Displays are easily restaged to bring flowering plants into prominence and hide those past their best. Exacting plants can be given special compost mixtures – lime–free for blueberries and rhododendrons, for example, or gritty for cacti and succulents.
Container types
Clay Earthenware and terracotta pots are traditional and have a warm, congenial appearance. Although available in a huge size range, those with diameters of 15–20cm (6–8in) upwards are the most useful for patio display. Some are easily broken if carelessly handled, and not all kinds are reliably frost–proof.
Plastic Some styles look very utilitarian, but larger sizes can be decorative, even brightly coloured. Plastic pots are often stronger and more durable than appearance might suggest, and lighter for moving around than other materials. They have good moisture retention, but some plastics become brittle after constant outdoor exposure.
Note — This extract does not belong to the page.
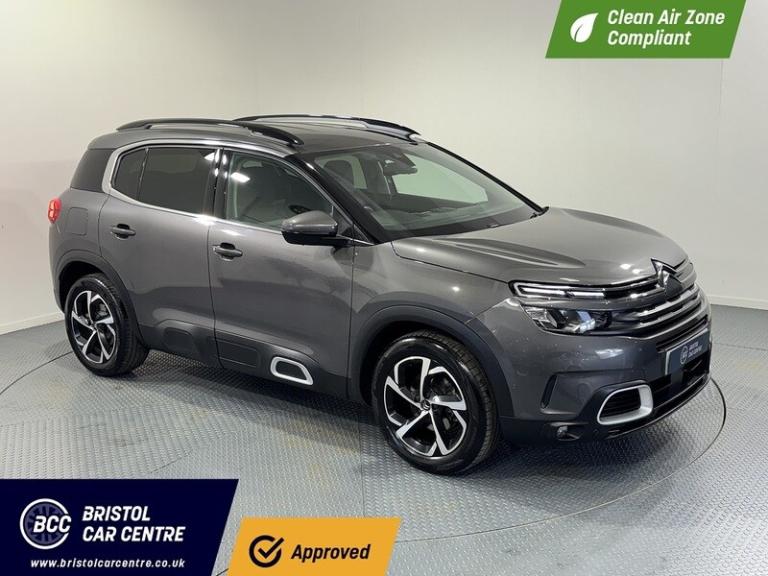 2019 Citroen C5 Aircross PureTech Flair SUV Petrol Manual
Stone Heavy but impressive and very durable, and often a conspicuous feature whether planted or not. True crafted stone is much more expensive than reconstituted imitations, which can nonetheless look quite authentic. Plants grow well in either.
Wood The ideal material for making your own containers, whether square classic topiary containers or simple window boxes for sills and ledges. Half–barrels are sturdy and capacious, suitable for shrubs, trees and collections of smaller plants, or for turning into patio water gardens.
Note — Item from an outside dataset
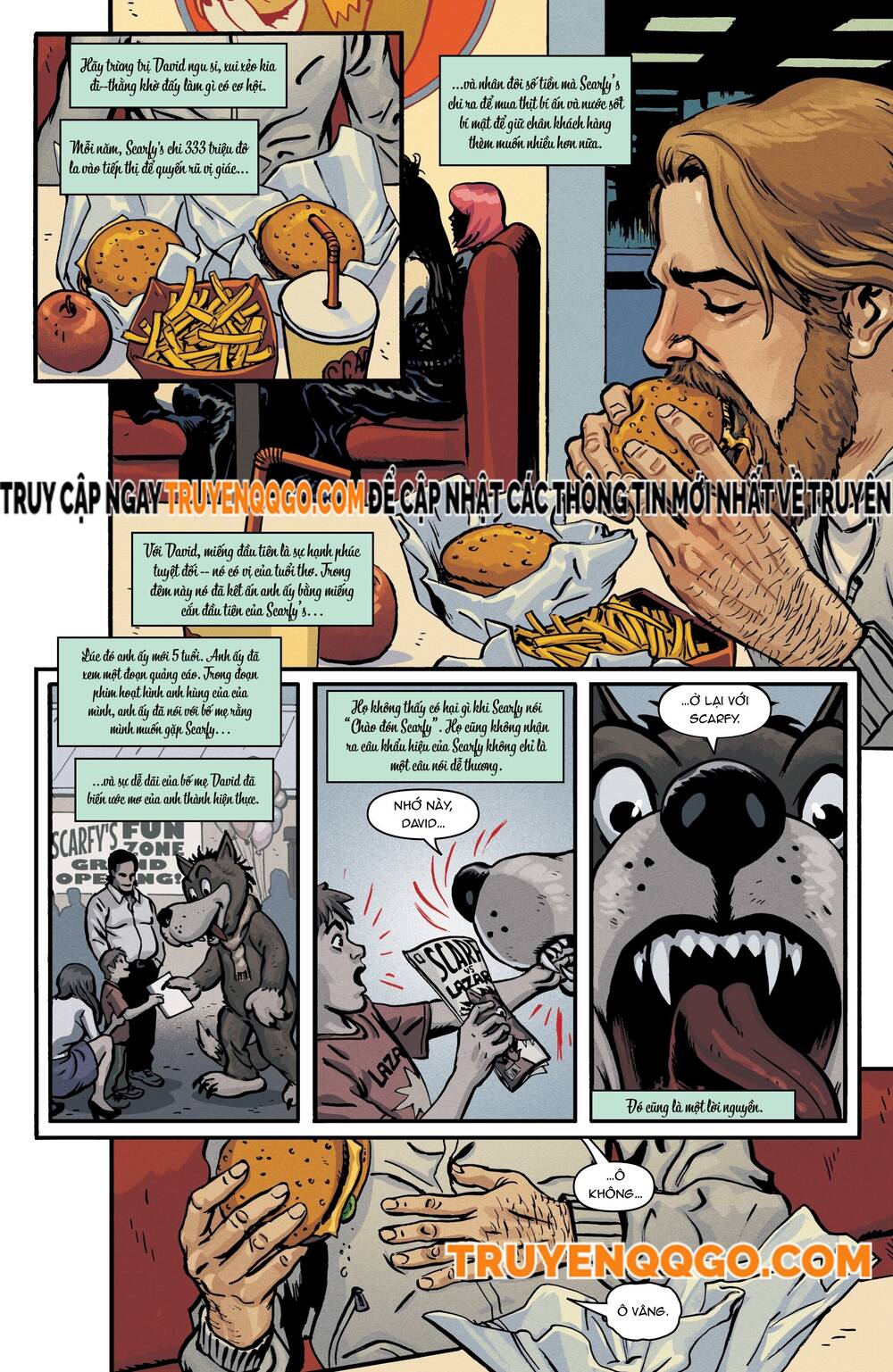 Bia Mộ Vực Thẳm Chapter 10 - 28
Metal Zinc and galvanized steel look traditional, aluminium and stainless steel very up–to–date. Elegant or industrial in appearance, they can echo their hard surroundings and give a contrasting hint of precision to informal plantings. Rust on mild steel can be appealing.
Basketwork Wire, cane, split bamboo and other woven materials look light and airy, adding rustic charm or contemporary simplicity to hanging or standing baskets. All kinds need a durable liner to retain soil and moisture.
Container care
Potted plants depend on you for their nutrition. Check them regularly for water – daily in hot weather – and feed every ten to fourteen days from about six weeks after planting or repotting.
In addition to drainage holes at their base, containers need a good layer of drainage material (pebbles, broken tiles, polystyrene fragments) inside before you start filling them with compost.
Strong winds can be worse than sunshine for drying foliage and compost. Move leafy plants and smaller containers into more sheltered positions, especially in winter and spring when they are more vulnerable.
Bring tender plants and thin–walled containers indoors in frosty weather or wrap them up with insulating materials: allowing a pot to freeze solid can be lethal to roots.
Repot plants into fresh compost every spring. Larger containers can be revived by replacing the top 5–8cm (2–3in) of old compost with a fresh supply.